COLLECTED DATA
◆ ◆ ◆

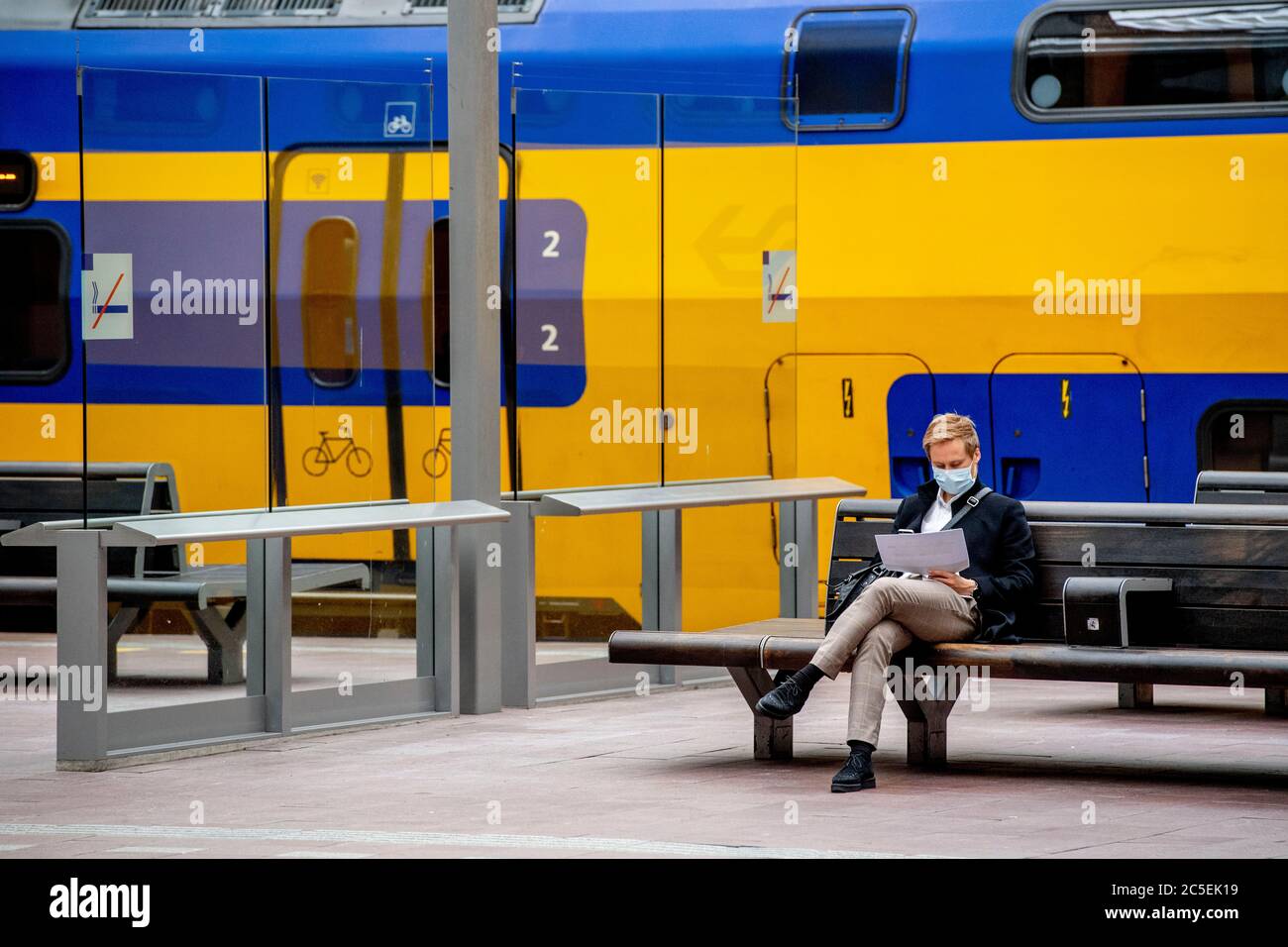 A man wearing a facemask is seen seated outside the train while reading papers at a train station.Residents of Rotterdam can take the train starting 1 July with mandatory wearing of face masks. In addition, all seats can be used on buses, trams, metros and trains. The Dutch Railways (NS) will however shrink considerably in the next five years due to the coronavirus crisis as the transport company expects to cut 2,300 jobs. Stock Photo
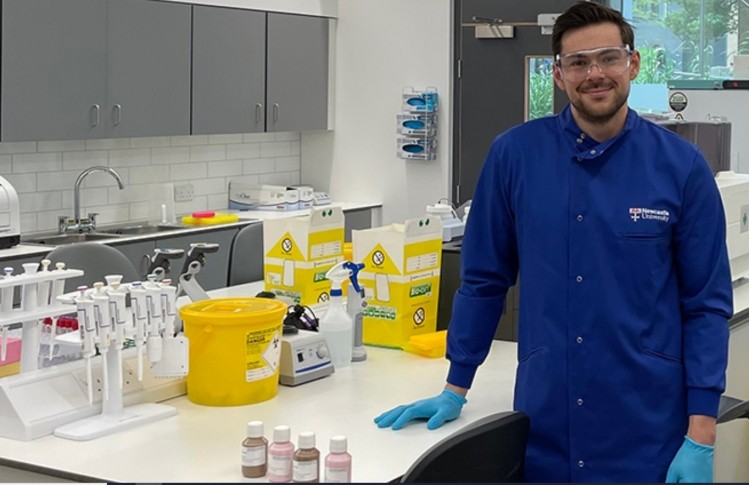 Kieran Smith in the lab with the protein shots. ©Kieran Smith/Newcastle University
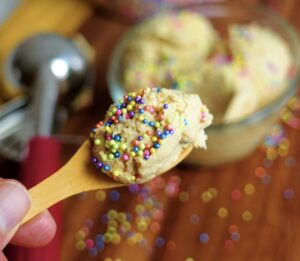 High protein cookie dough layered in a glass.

◆ ◆ ◆

TASK
Exactly as written, restate all of the data, leaving out the images.

WRITTEN ANSWER
 A man wearing a facemask is seen seated outside the train while reading papers at a train station.Residents of Rotterdam can take the train starting 1 July with mandatory wearing of face masks. In addition, all seats can be used on buses, trams, metros and trains. The Dutch Railways (NS) will however shrink considerably in the next five years due to the coronavirus crisis as the transport company expects to cut 2,300 jobs. Stock Photo
 Kieran Smith in the lab with the protein shots. ©Kieran Smith/Newcastle University
 High protein cookie dough layered in a glass.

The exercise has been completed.